PROBLEM REQUIREMENTS >> Leave the pictures in the listing below aside and reproduce exactly the lines starting with the one with "Appartamento trilocale in" and going on through the one with "120 SE 3rd Ave, Dania Beach FL 33004", both ends included.

SUPPLIED RECORDS >>
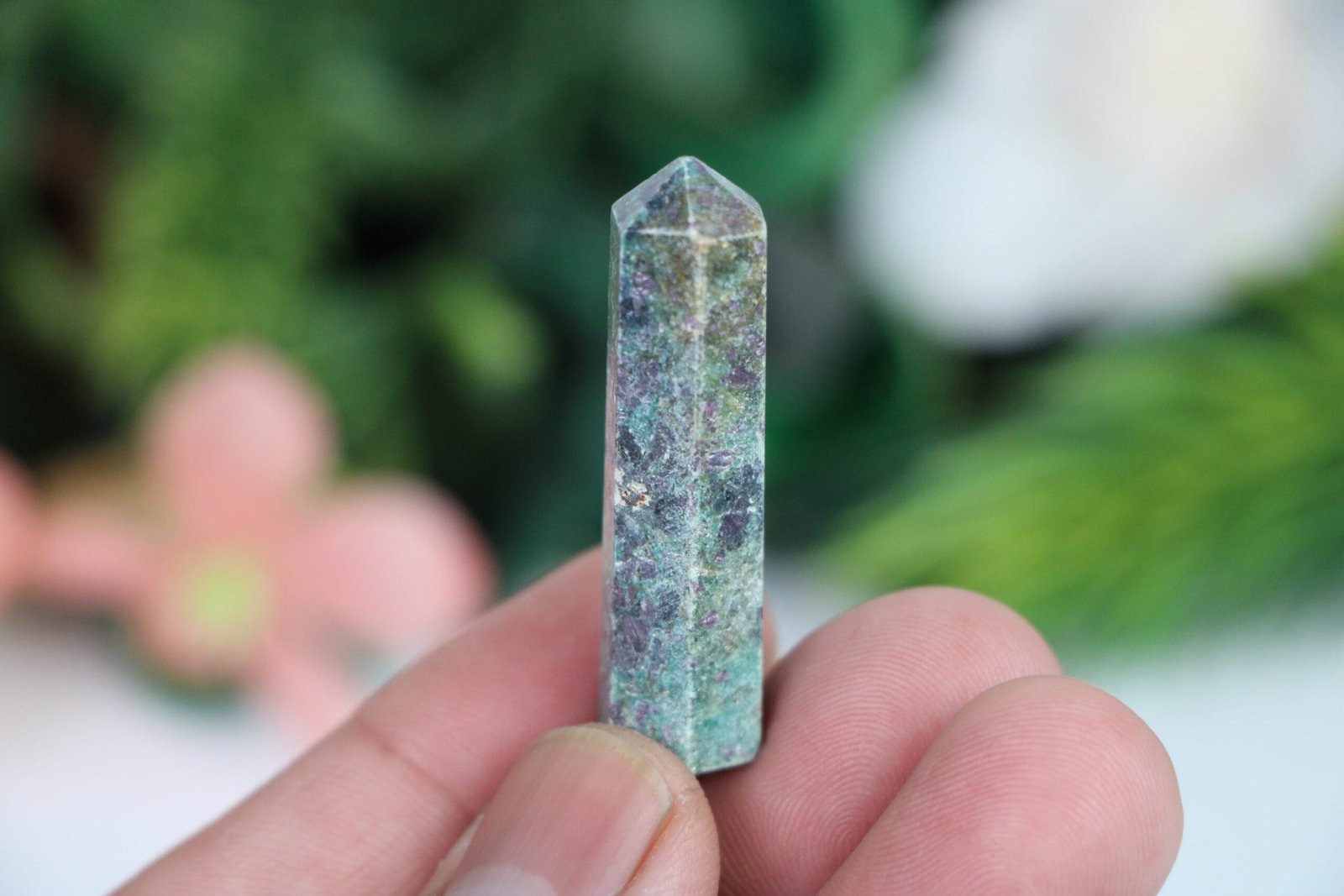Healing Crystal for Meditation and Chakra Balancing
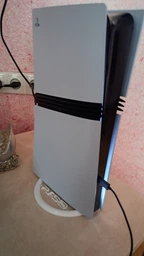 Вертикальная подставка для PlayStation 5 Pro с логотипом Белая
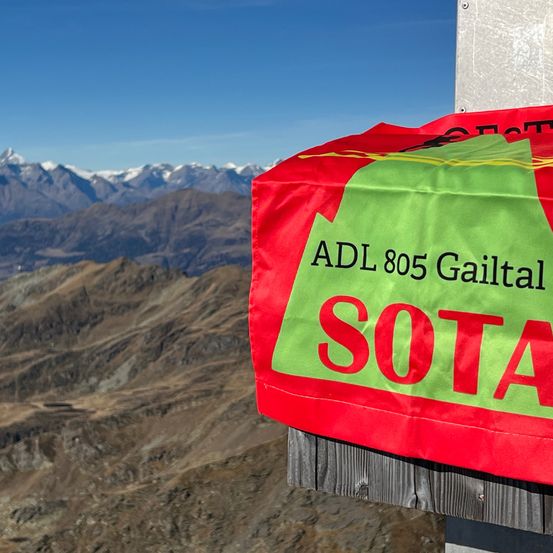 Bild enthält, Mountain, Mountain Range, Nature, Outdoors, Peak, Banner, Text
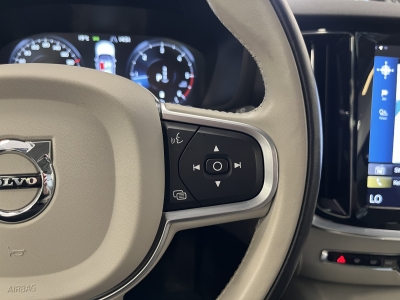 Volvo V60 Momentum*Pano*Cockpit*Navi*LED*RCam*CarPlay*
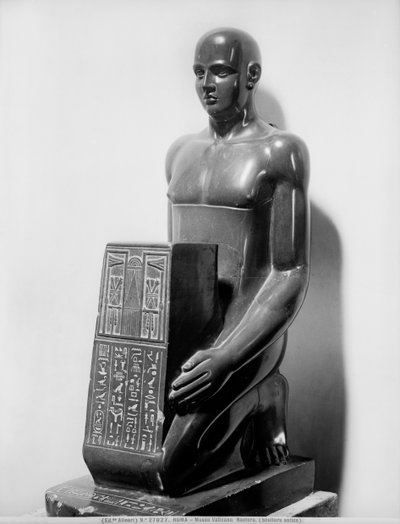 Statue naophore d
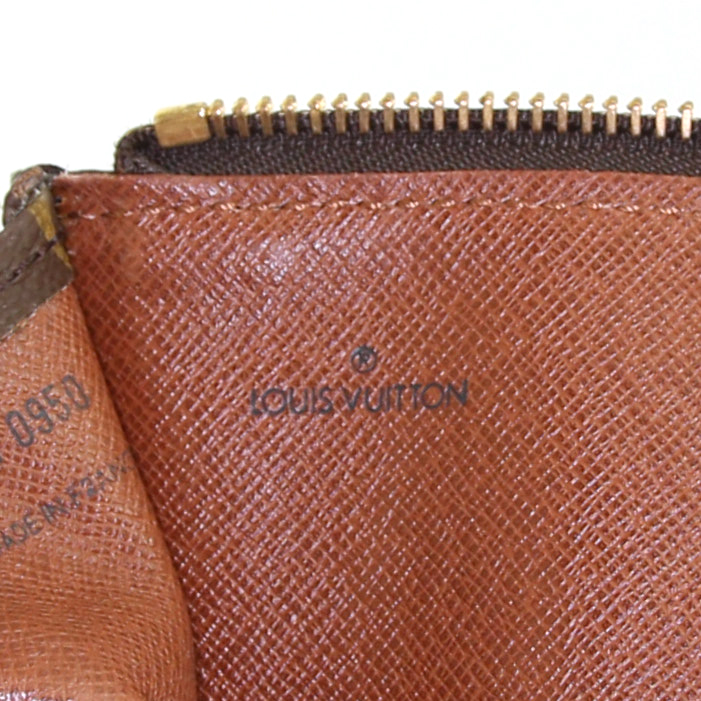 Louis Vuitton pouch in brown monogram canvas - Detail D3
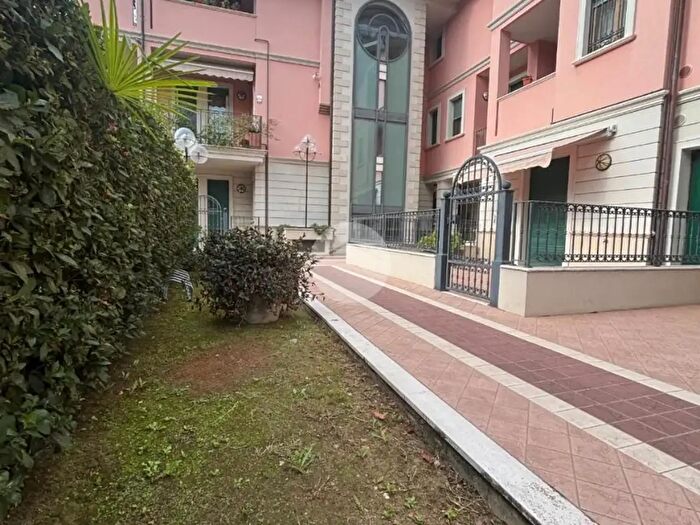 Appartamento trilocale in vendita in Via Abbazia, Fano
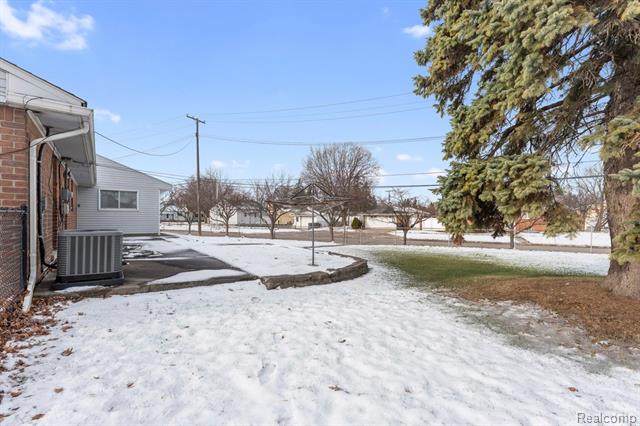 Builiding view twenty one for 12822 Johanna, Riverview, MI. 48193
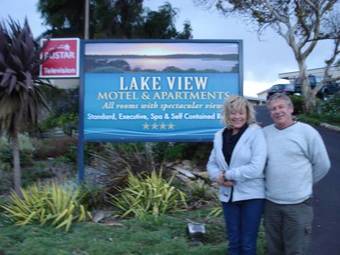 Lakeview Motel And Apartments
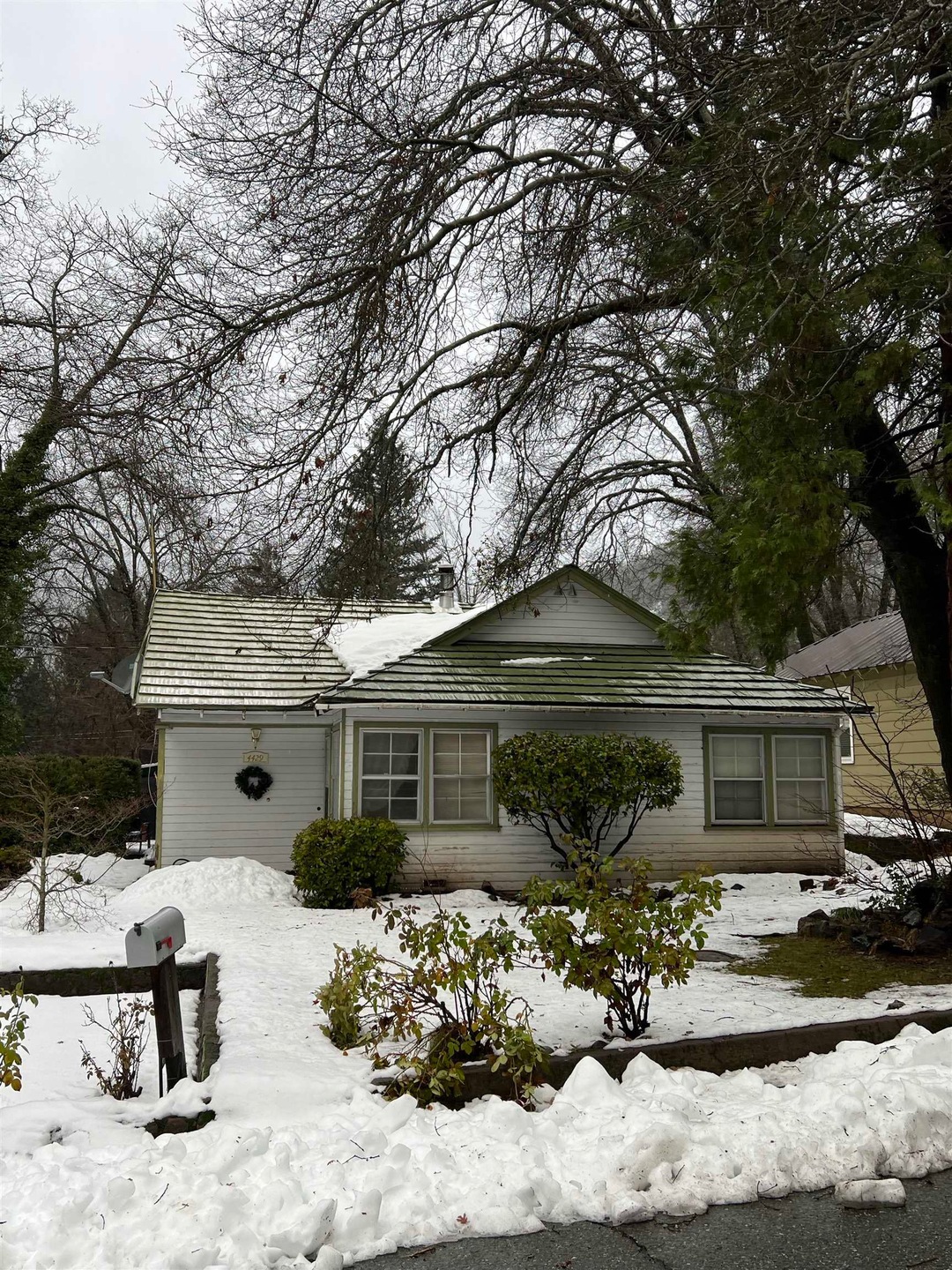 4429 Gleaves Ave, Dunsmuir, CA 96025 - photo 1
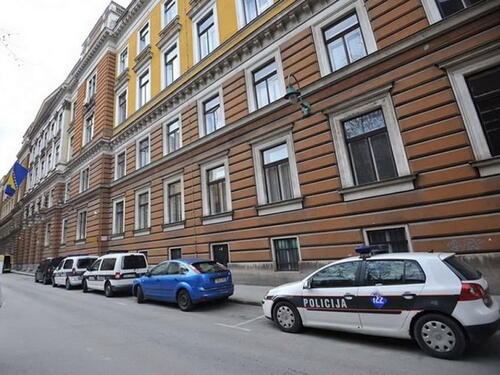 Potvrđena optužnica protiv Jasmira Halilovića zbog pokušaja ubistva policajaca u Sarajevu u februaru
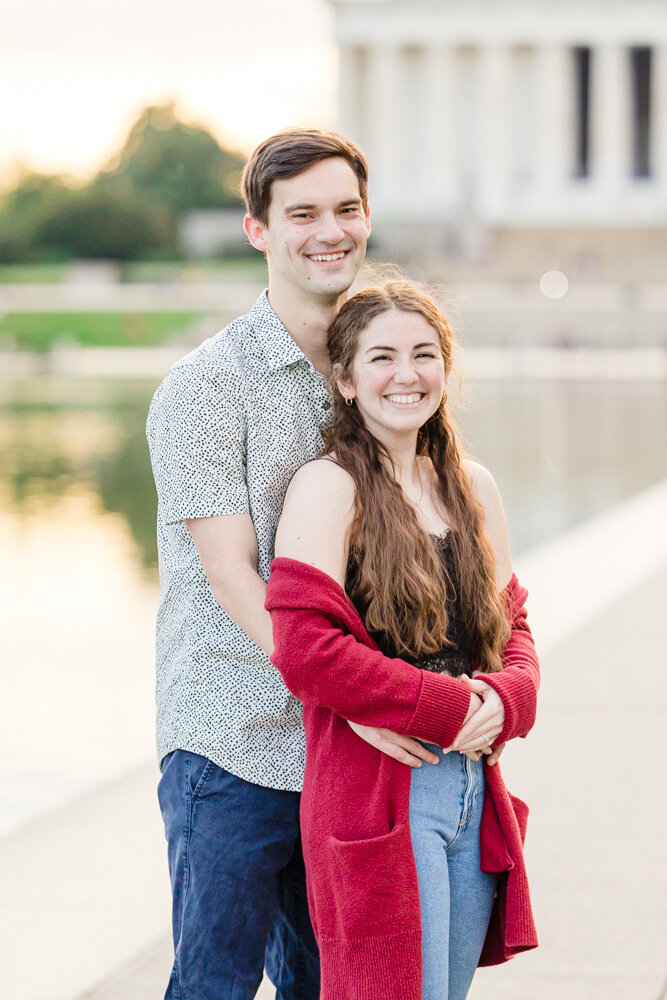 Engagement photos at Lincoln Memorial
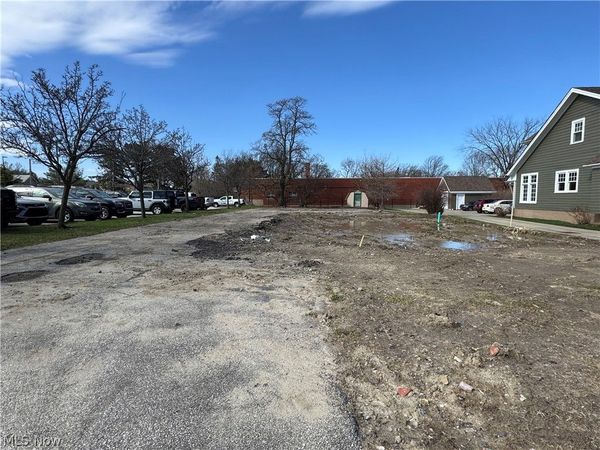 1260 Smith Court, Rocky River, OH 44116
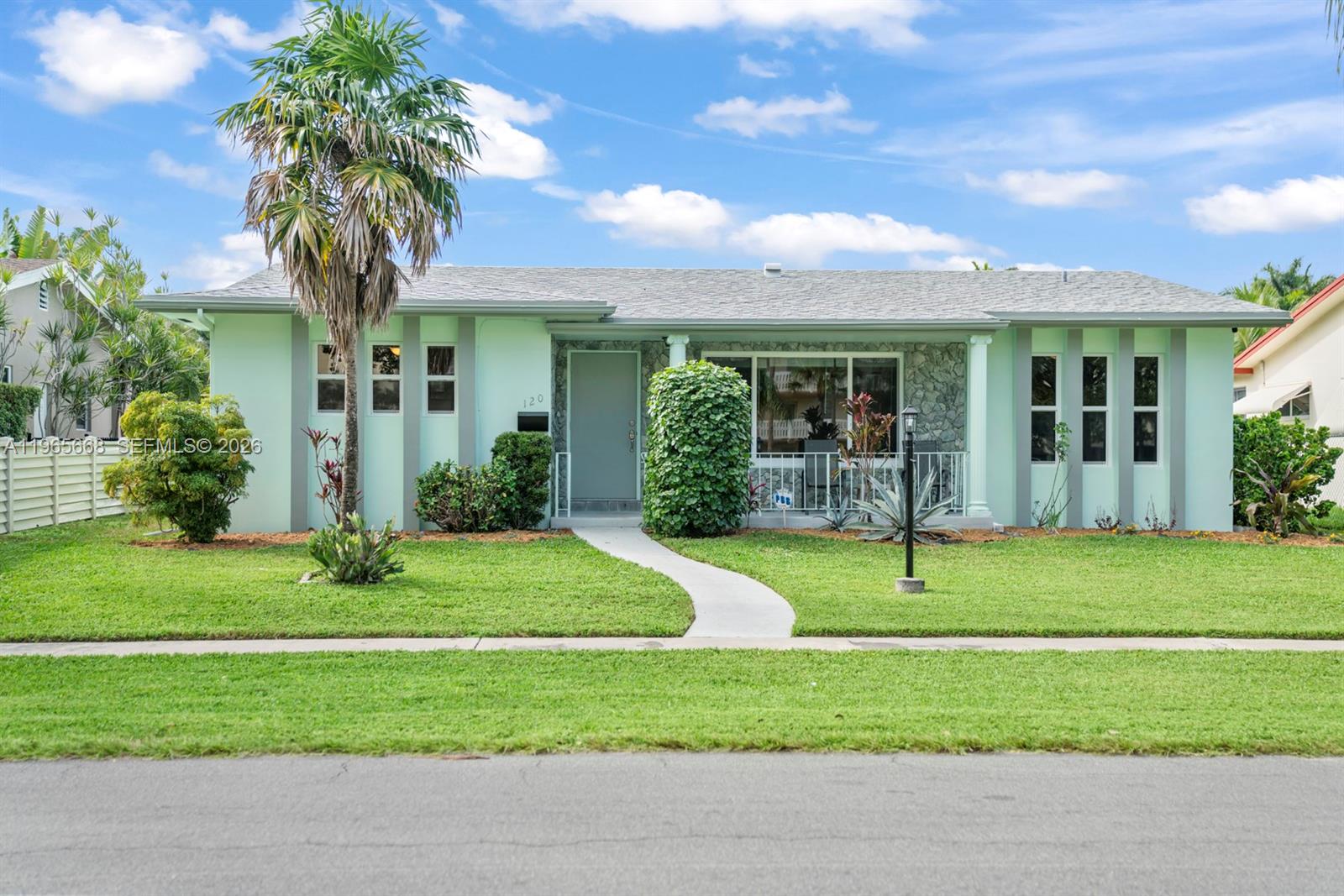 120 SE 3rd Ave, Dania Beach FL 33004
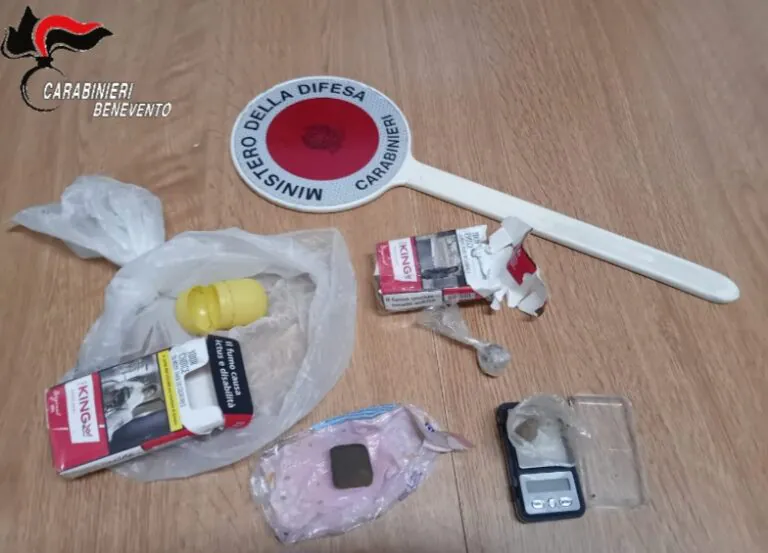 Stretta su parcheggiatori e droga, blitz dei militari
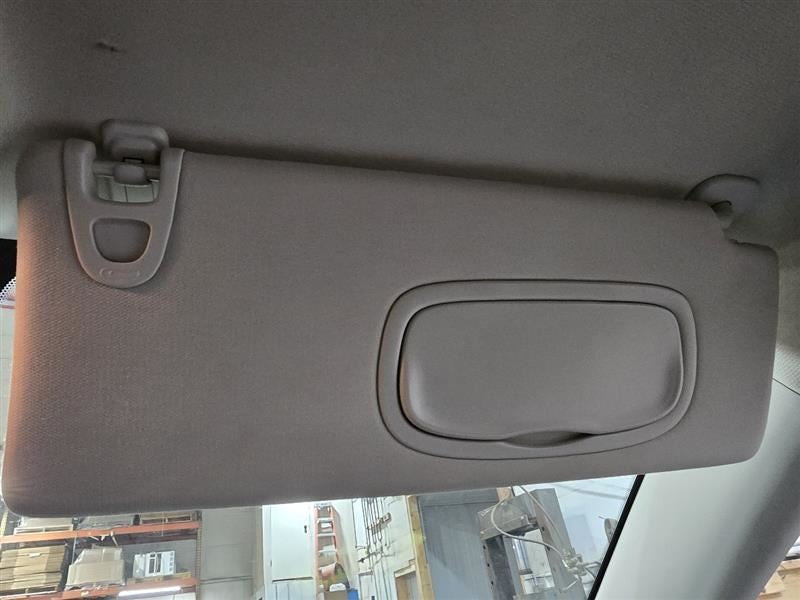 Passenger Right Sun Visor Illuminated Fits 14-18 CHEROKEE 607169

TASK SOLUTION >>
 Appartamento trilocale in vendita in Via Abbazia, Fano
 Builiding view twenty one for 12822 Johanna, Riverview, MI. 48193
 Lakeview Motel And Apartments
 4429 Gleaves Ave, Dunsmuir, CA 96025 - photo 1
 Potvrđena optužnica protiv Jasmira Halilovića zbog pokušaja ubistva policajaca u Sarajevu u februaru
 Engagement photos at Lincoln Memorial
 1260 Smith Court, Rocky River, OH 44116
 120 SE 3rd Ave, Dania Beach FL 33004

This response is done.